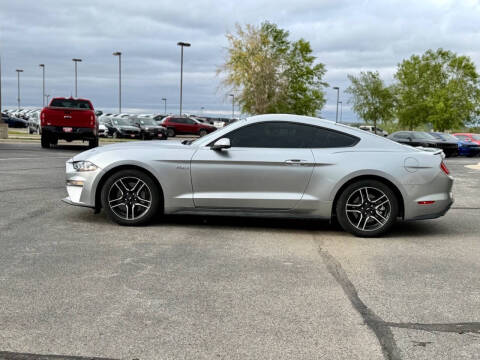 2020 Ford Mustang GT Premium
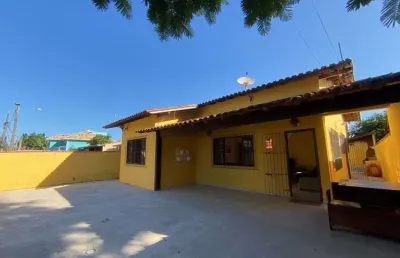 Casa com 3 dormitórios à venda, 120 m² por r$ 800.000,00 - recreio - rio das ostras/rj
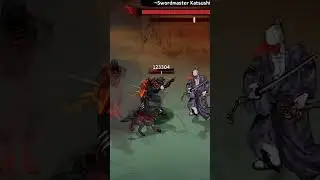 Swordmaster Katsushika Jinsai+Assassin Combo Kill Kenji (1vs2)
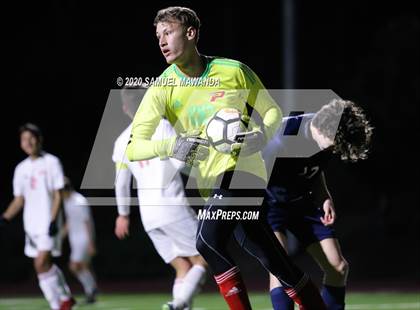 Thumbnail 1 in Brentwood School vs  Paraclete photogallery.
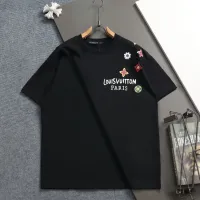 Cheap Louis Vuitton LV T-Shirts Short Sleeved For Unisex #1428165 Replica Wholesale [$36.00 USD] [ITEM#1428165] on Replica Louis Vuitton LV T-Shirts
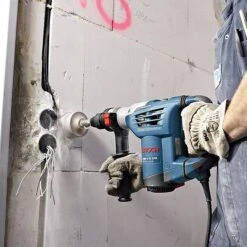 Bosch GBH 4-32 DFR Professional SDS-Plus Hammer Drill -Draper || DeWALT || Stanley Sales 0086464 700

■ How to complete this task: Repeat the records word for word. Any picture in them should be left out.

■ Exercise response:
 2020 Ford Mustang GT Premium
 Casa com 3 dormitórios à venda, 120 m² por r$ 800.000,00 - recreio - rio das ostras/rj
 Swordmaster Katsushika Jinsai+Assassin Combo Kill Kenji (1vs2)
 Thumbnail 1 in Brentwood School vs  Paraclete photogallery.
 Cheap Louis Vuitton LV T-Shirts Short Sleeved For Unisex #1428165 Replica Wholesale [$36.00 USD] [ITEM#1428165] on Replica Louis Vuitton LV T-Shirts
 Bosch GBH 4-32 DFR Professional SDS-Plus Hammer Drill -Draper || DeWALT || Stanley Sales 0086464 700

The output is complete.